On a personal note, my son has just completed his final day of school. And I cannot wait to see what is next for him. He is a remarkable young man and I have learned so much about being a woman and about being a mother…and still very much learning, every, single, day. Let me share with you some of what I have learned...
I was 24 when he arrived and not quite understanding what it was to be a woman. In some respects I was still very much a little girl. My dedication is something that has always been a strong point, so I took the role of becoming a mother very seriously…yet at the same time, took on many ideals and pictures about what this looked like.
It started out with me wanting to sacrifice everything for my son, to be the best mother in the world, to protect him at all costs, to give him the best and most natural of everything. This was a pressure that I now do not wish upon anyone. Yet this kind of pressure is not uncommon and is what, in society today, we call love. I thought this was love. Yet I was drained, exhausted and riddled with low grade high functioning anxiety. From the outside you would have said I was doing everything right. Well, the proof was in the pudding as they say – because my son was not sleeping well, he was not settled and I found myself often very frustrated and upset with him. He could see straight through me and as much as I was trying to do good and to be right, it simply had no substance…you could say it was empty. My body and his body were both communicating very clearly…that this was not love.
I soon learned that ALL the models of parenting I had bought in to and even the ones I had not, were not it. I invested so much in getting it ‘right’ that I was completely devastated when I couldn’t breastfeed; I was anxious almost constantly; and I was absolutely exhausted. I was a single-mother, also trying to finish my degree and navigate having a new baby - yep, thought I was superwoman!
We’ve always had an amazing connection underneath it all. But the ideals I held were imposing on him and they certainly didn't do me any favours either. I really hated that this was tainting what I knew to be absolutely divine and glorious. I simply had to change my entire approach to parenting, as the trajectory I was currently on was not looking so great. I realised that I had jumped from ‘little girl’ into the role of being a mother and had forgotten about knowing myself as a woman first. We were doing ok by societies standards (from the outside, ticking boxes) but I knew there was a depth of support that could be offered and I also knew it had to start with me.

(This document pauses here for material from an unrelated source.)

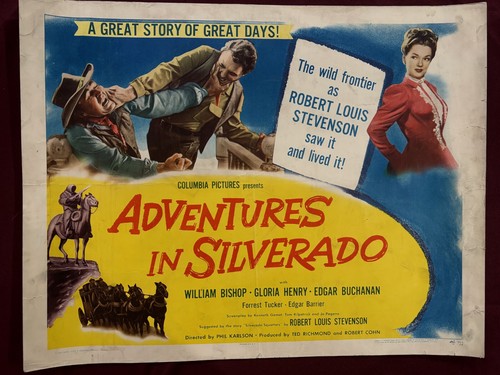 Adventures silverado poster - adventures, in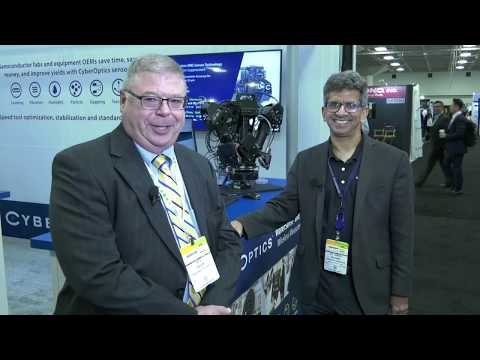 SEMICON West 2019 CyberOptics Interview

This is when I started to learn what true support actually was and that offering this to another is impossible without living it in full for one’s self. I began to learn about what love truly is. That love is the essence and magnificence of who we naturally are. So therefore, I could not give my son love because he already was love. What I could do though, was keep working on being all of the love that I am and by way of reflection show him that he has everything in him to do this too. What developed from here was a boy who became so much more settled in himself and a relationship between us that was open, honest and very real. My words started to reflect what I was living and he could feel this. And most importantly and most beautifully, he responded to this. It was like I had been given the golden key to parenting. As the unfolding continued, he knew he could come to me with anything…and he did. The standards in our house were based on this and on a continually growing level of love that very quickly revealed anything that was not this.
It’s really difficult to give someone space to grow when you are so caught up in your own expectations of yourself and of them. It’s suffocating actually. It’s called ‘smothering’, which is not anywhere near what I now know to be ‘true mothering’. Through the changes I continued to make, I gave myself space and he was given space, the space to learn for himself. And he now knows that he cannot ‘un-know’ the foundation of love that he has in his life and that it is always there for him to return to at any moment, no matter how far he may stray.
Parenting, without all of the ideals (to the best of my ability), has been an absolute honour and privilege, in raising another being to know the truth of who they are, to know what love is and to know how to appreciate it all.
Love is not love without first knowing that you are already love yourself.
Thank you Sebastian, for being you. I cannot wait to see what’s next and for all that will unfold for you...and from there what you will bring to us all.